- YOUR TASK: The output must consist only of the lines from the one with "Test kit per" through the end of the listing, restated exactly and free of pictures.

- GIVEN DATA:

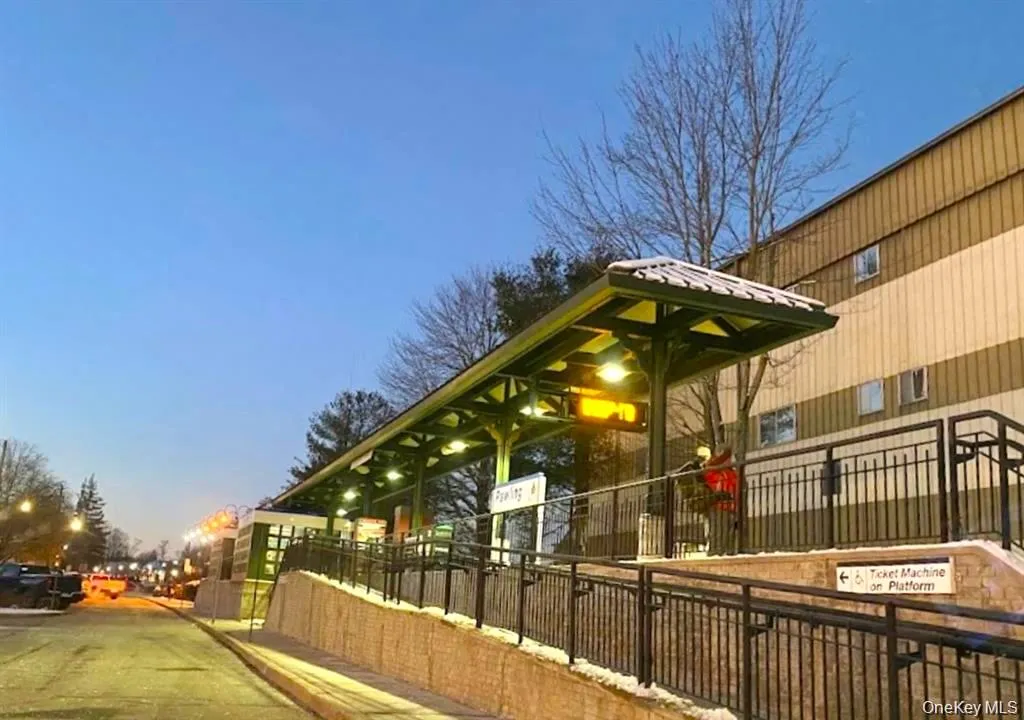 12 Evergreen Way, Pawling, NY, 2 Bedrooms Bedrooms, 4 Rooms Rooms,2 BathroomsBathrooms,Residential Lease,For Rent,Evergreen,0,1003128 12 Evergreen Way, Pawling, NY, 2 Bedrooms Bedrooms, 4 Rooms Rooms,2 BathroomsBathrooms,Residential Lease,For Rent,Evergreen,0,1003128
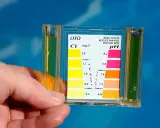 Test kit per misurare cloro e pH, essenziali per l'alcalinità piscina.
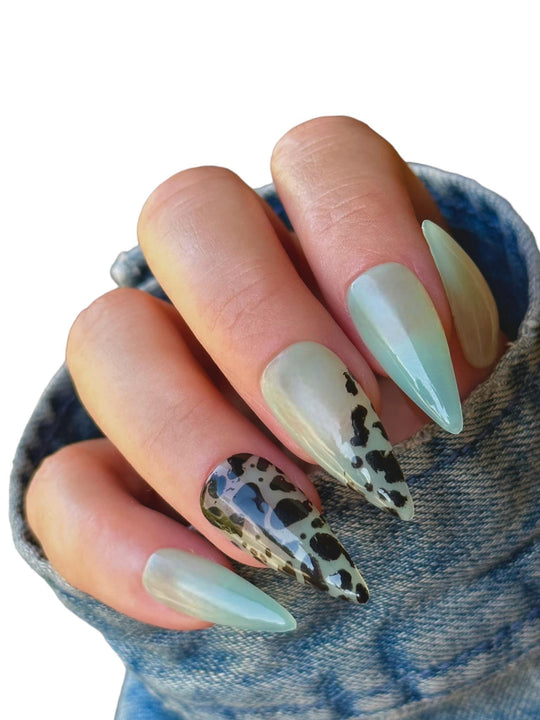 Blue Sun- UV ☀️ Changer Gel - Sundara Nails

- EXERCISE SOLUTION:
 Test kit per misurare cloro e pH, essenziali per l'alcalinità piscina.
 Blue Sun- UV ☀️ Changer Gel - Sundara Nails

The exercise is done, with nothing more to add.